The extended hand of a humanoid robot
KYLE WIGGERS

Robots that can learn to see by touch are within reach, claim researchers at MIT’s Computer Science and Artificial Intelligence Laboratory. Really. In a newly published paper that’ll be presented next week at the Conference on Computer Vision and Pattern Recognition in Long Beach, California, they describe an AIsystem capable of generating visual representations of objects from tactile signals, and of predicting tactility from snippets of visual data.

“By looking at the scene, our model can imagine the feeling of touching a flat surface or a sharp edge,” said CSAIL PhD student and lead author on the research Yunzhu Li, who wrote the paper alongside MIT professors Russ Tedrake and Antonio Torralba and MIT postdoc Jun-Yan Zhu. “By blindly touching around, our [AI] model can predict the interaction with the environment purely from tactile feelings.
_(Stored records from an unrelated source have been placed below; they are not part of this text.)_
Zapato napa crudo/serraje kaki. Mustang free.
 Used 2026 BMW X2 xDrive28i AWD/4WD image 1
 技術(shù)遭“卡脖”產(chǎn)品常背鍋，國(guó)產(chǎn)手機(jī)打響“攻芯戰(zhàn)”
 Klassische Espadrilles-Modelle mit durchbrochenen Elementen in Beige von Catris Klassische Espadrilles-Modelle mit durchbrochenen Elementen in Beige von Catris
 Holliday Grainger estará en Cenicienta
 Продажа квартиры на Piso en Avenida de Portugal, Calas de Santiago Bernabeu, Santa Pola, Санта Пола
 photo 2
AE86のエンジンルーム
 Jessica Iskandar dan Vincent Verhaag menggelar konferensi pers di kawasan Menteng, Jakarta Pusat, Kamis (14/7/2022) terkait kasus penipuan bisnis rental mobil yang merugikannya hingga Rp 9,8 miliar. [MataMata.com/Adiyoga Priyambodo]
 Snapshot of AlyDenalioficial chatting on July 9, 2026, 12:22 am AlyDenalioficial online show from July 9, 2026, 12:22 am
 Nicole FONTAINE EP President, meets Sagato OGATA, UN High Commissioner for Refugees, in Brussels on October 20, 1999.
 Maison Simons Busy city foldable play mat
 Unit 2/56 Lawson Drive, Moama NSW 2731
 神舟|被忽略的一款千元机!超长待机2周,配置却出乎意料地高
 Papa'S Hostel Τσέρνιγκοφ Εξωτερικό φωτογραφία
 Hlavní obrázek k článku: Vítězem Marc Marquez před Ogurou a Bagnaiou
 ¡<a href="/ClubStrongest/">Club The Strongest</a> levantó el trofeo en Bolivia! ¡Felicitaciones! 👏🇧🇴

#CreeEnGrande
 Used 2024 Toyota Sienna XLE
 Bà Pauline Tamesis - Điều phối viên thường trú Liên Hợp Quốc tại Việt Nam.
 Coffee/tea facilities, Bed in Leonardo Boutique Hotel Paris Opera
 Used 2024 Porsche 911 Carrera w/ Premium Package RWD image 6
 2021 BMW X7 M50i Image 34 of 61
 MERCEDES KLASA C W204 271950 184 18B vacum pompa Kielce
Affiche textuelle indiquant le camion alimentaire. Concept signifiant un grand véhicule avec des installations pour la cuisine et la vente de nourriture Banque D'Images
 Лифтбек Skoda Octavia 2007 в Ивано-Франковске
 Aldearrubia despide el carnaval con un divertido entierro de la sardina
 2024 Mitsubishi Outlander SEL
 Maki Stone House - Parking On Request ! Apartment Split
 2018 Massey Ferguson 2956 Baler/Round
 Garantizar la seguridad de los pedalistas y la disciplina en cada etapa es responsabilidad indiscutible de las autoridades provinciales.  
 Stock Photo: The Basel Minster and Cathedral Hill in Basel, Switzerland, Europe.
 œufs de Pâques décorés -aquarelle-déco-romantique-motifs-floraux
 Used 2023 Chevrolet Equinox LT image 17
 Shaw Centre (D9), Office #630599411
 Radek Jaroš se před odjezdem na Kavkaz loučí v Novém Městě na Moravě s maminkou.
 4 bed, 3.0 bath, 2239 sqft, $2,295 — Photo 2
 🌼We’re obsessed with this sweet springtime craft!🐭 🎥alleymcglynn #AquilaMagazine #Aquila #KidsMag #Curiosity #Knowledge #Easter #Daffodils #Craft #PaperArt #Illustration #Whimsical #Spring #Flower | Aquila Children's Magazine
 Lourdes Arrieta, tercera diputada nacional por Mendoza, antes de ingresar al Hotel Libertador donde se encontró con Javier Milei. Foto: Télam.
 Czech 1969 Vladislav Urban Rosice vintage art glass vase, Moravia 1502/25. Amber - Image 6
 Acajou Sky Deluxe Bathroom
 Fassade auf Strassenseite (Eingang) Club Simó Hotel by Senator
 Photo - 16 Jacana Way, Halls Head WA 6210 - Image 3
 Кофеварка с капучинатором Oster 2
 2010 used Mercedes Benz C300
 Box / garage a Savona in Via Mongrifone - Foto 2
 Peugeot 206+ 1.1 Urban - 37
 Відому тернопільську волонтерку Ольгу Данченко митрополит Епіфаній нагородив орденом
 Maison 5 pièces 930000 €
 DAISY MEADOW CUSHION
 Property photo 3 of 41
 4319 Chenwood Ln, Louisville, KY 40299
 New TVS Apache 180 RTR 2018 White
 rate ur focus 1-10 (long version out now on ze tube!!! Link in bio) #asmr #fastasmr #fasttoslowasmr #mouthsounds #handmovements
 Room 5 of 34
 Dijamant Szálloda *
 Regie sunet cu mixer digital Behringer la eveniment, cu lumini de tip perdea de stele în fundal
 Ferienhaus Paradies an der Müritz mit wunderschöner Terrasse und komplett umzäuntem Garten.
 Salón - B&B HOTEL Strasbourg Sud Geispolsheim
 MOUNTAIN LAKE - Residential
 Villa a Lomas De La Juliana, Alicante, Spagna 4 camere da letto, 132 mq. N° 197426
Bringing these two senses together could empower the robot and reduce the data we might need for tasks involving manipulating and grasping objects.”

The team’s system employed GANs — two-part neural networks consisting of generators that produce samples and discriminators that attempt to distinguish between the generated samples and real-world samples — to piece together visual images based on tactile data. Fed a tactile sample from VisGel, a corpus of more than 3 million visual/tactile data pairs comprising 12,000 video clips of nearly 200 objects (like tools, fabrics, and household products), it sussed out the shape and material of the contact position and looked back to the reference image to “imagine” the interaction.

MIT CSAIL

For example, given tactile data on a shoe, the model could determine where the shoe was most likely to be touched.

The reference images helped to encode details about the objects and the environment, enabling the machine learning model to self-improve. Deployed on a Kuka robot arm with a tactile GelSight sensor (which was designed by another group at MIT), it compared the current frame with the reference image to identify the location and scale of the touch.

The researchers note that the current data set only has examples of interactions in a controlled environment, and they say that some details, like the color and softness of objects, remain difficult for the system to infer. Still, they say their approach could lay the groundwork for more seamless human-robot integration in manufacturing settings, particularly concerning tasks that lack visual data, like when a light is off or when a worker has to reach into a container blindly.

MIT CSAIL

“This is the first method that can convincingly translate between visual and touch signals,” says Andrew Owens, a postdoctoral researcher at the University of California at Berkeley. “Methods like this have the potential to be very useful for robotics, where you need to answer questions like ‘is this object hard or soft?’ or ‘if I lift this mug by its handle, how good will my grip be?’ This is a very challenging problem, since the signals are so different, and this model has demonstrated great capability.”